The 20th century produced a number of significant British sculptors. A common course charted across many of these careers was the departure from or outright rejection of the traditional. In many cases the figure, if it remained discernible at all, was typically heavily abstracted. Broadly speaking, the classical tradition became an increasingly inactive reference point, unless that point was to consciously subvert it. What makes Gerald Laing so fascinating is the fact that he chose to gravitate back towards sculpture’s formal roots, completely against the grain of his peers and indeed the general trajectory of Modern art.
Originally heavily involved at ground zero of the UK and America’s Pop Art scene, Laing made an extraordinary pivot away from the radically minimalist and abstracted forms of his early career and, from the 1970s onwards, saw out his remaining decades as a master figurative sculptor in the classical manner.
It is recorded that he underwent this transformation at the end of the 1960s. Apparently disillusioned with the art scene, he returned to Britain from the States in 1969 and headed northwards, acquiring the ruins of the medieval Kinkell Castle in the Black Isle, Scotland. Over the course of three years he meticulously restored the castle using local craftsmen and traditional techniques. By the end of the 1970s he had a large-scale foundry in full operation on the estate. As well as the life-changing undertaking that was the restoration of Kinkell, Laing spoke of his “epiphany” in 1973 while looking at Charles Sargeant Jagger's great First World War Artillery Memorial at Hyde Park Corner: “As a result of this experience I changed my entire method of working”. He had found his new visual language.

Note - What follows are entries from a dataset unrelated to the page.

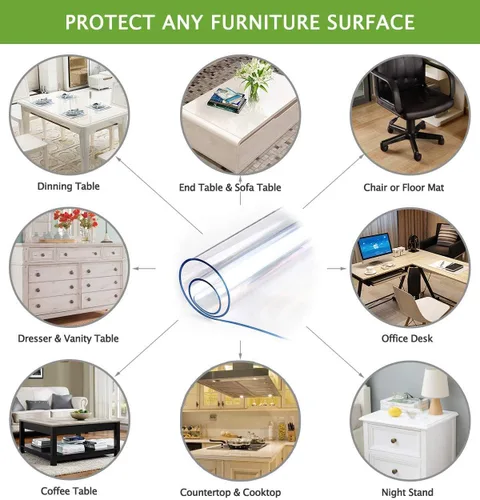 Miniatura 4 de Protección de mesa transparente de 24" x 36" de plástico, mantel de vinilo impermeable lavable, PVC para mesas de madera rectangulares, mesa
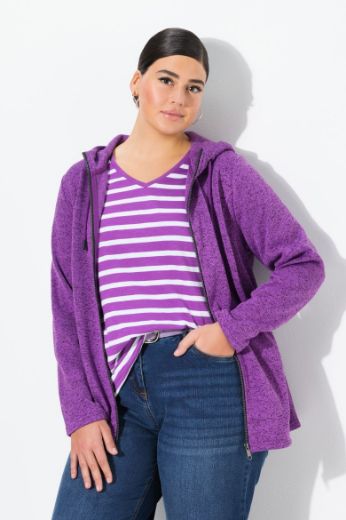 Plus size veliki brojevi Majica V ovratnika s prugama za punije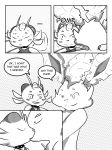  after_sex alolan_meowth anthro anthro_on_anthro ban_(artist) clothed clothing collar comic dialogue duo eeveelution english_text eye_contact eyes_closed fangs feifei kissing larger_male leafeon male male/male monochrome nintendo nude one_eye_closed open_mouth pok&eacute;mon pok&eacute;mon_(species) regional_variant shirt simple_background size_difference smaller_male smile sound_effects speech_bubble surprise sweat text video_games wide_eyed wink 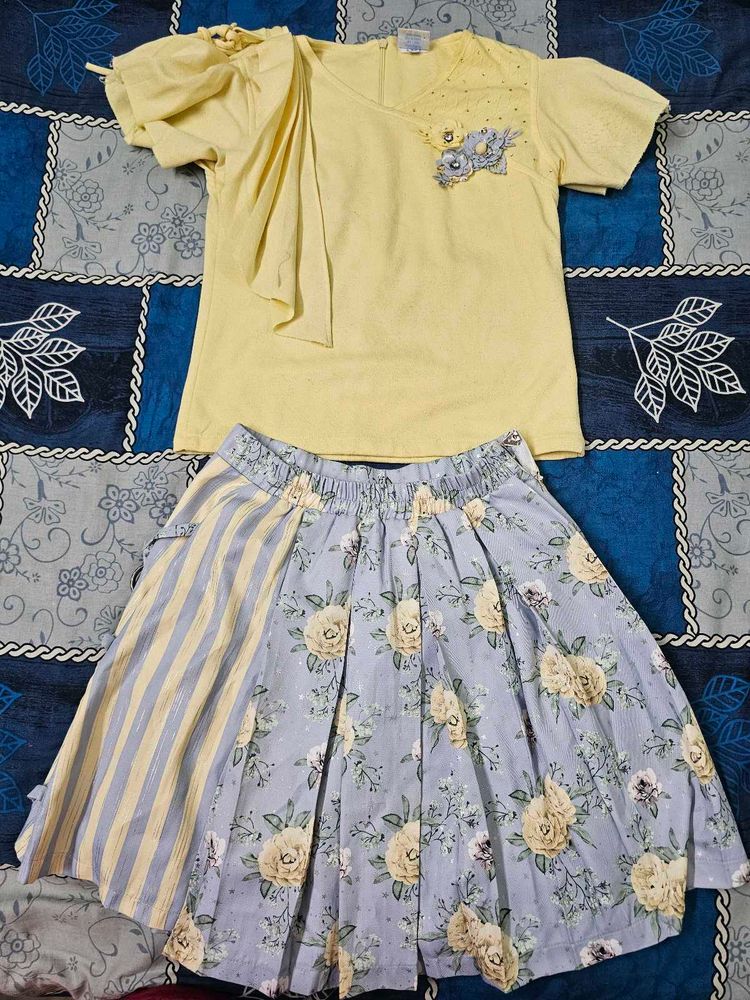 Cute Yellow Top &amp; Floral Skirt Set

This move away from the hegemony and narrow definitions of ‘the avant-garde’, a radical action in itself, had been a huge risk. Gradually, however, his career went from strength to strength and the commissions - public and private - rolled in, with no project seemingly too ambitious in scale or design.
In 1987, the work offered here was conceived and sculpted in clay from life in New York, and later that same year it was cast in bronze at Kinkell. An edition of only 10, the piece is conceived as a garden statue and water fountain. The model was a professional dancer, and her elegant figure, redolent in style of the French 19th century greats like Maillol and Rodin, throws her head gently backwards while a stream of water pours through her hair. Though visually it seems to possess the domestic intimacy of a Degas bather, she is standing not in a basin but a clam shell like a Renaissance goddess. Laing’s work is full of these pleasing art historical reference points, evidencing a scholarly understanding and appreciation of the evolution of figurative sculpture.